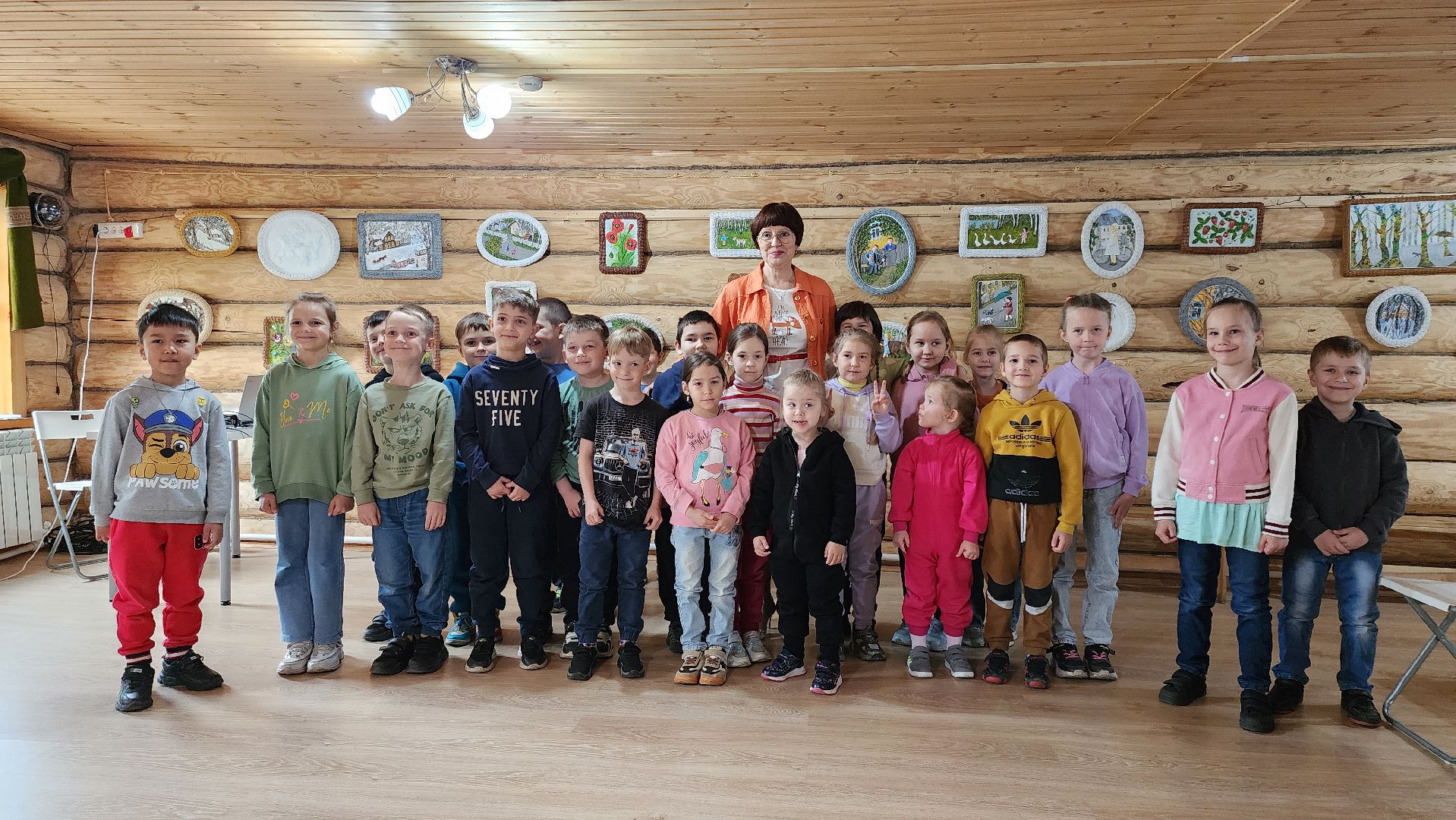 кашира, выставка картин, дом творчества имени бориса щукина, лето , животные, прикладное искусство, живопись, пэчворк,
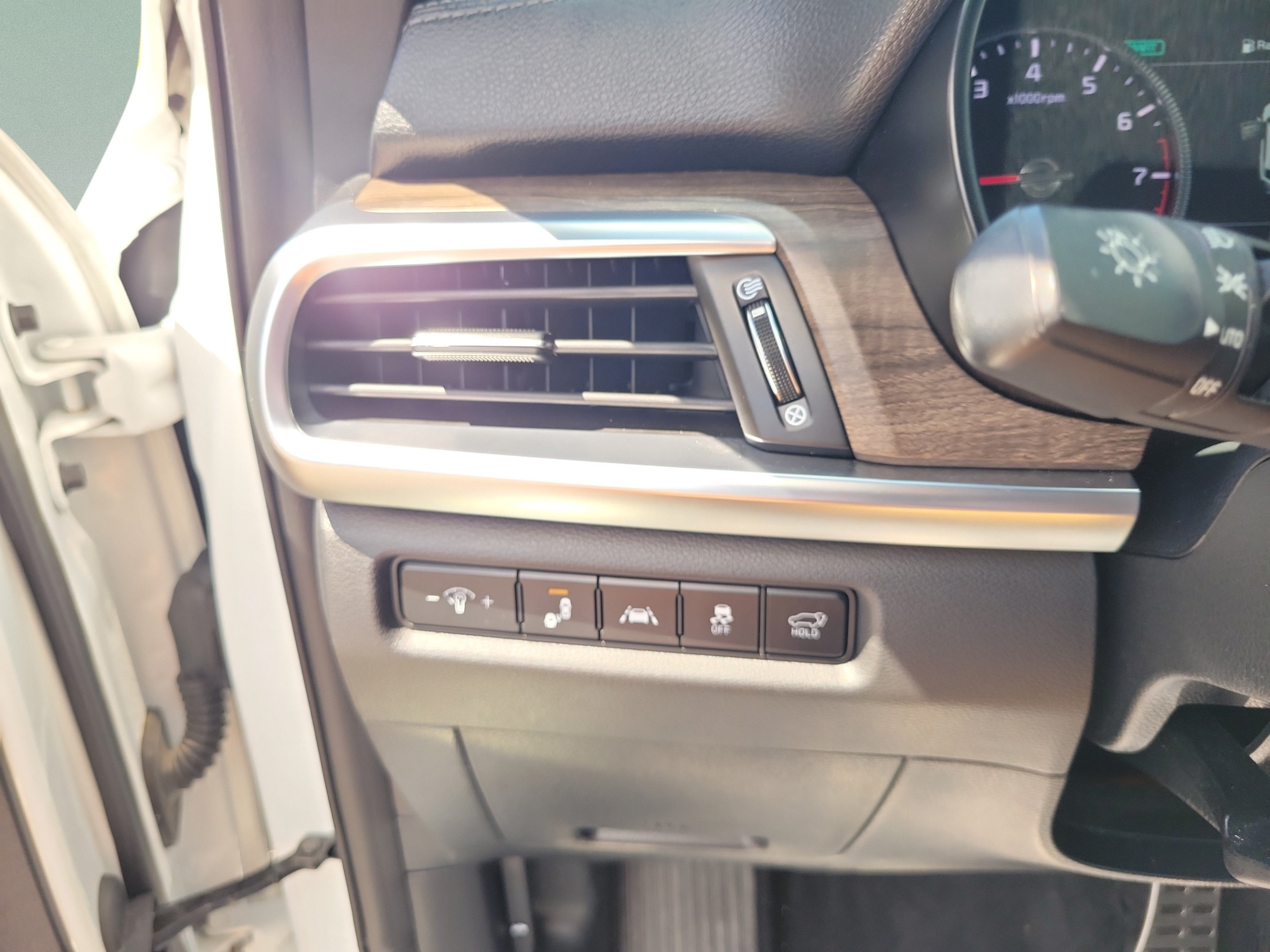 Used 2020 Kia Telluride SX w/ Towing Package FWD image 17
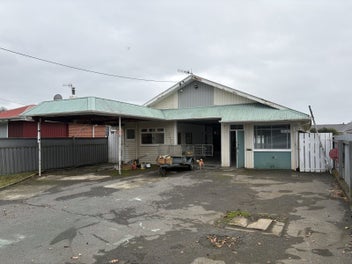 Image 1 of 5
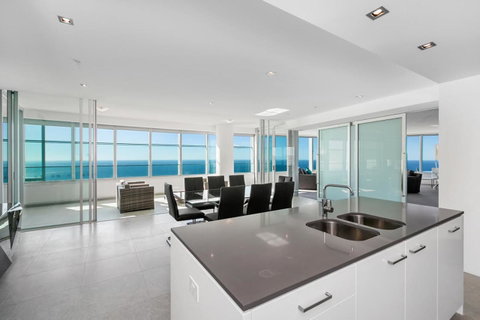 Q1 Resort & Spa - Official - Your Accommodation 29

■ ■ ■ ■ ■ ■ ■

Task objective: Output all of the data word for word, excluding any pictures.

Answer for this exercise:
 кашира, выставка картин, дом творчества имени бориса щукина, лето , животные, прикладное искусство, живопись, пэчворк,
 Used 2020 Kia Telluride SX w/ Towing Package FWD image 17
 Image 1 of 5
 Q1 Resort & Spa - Official - Your Accommodation 29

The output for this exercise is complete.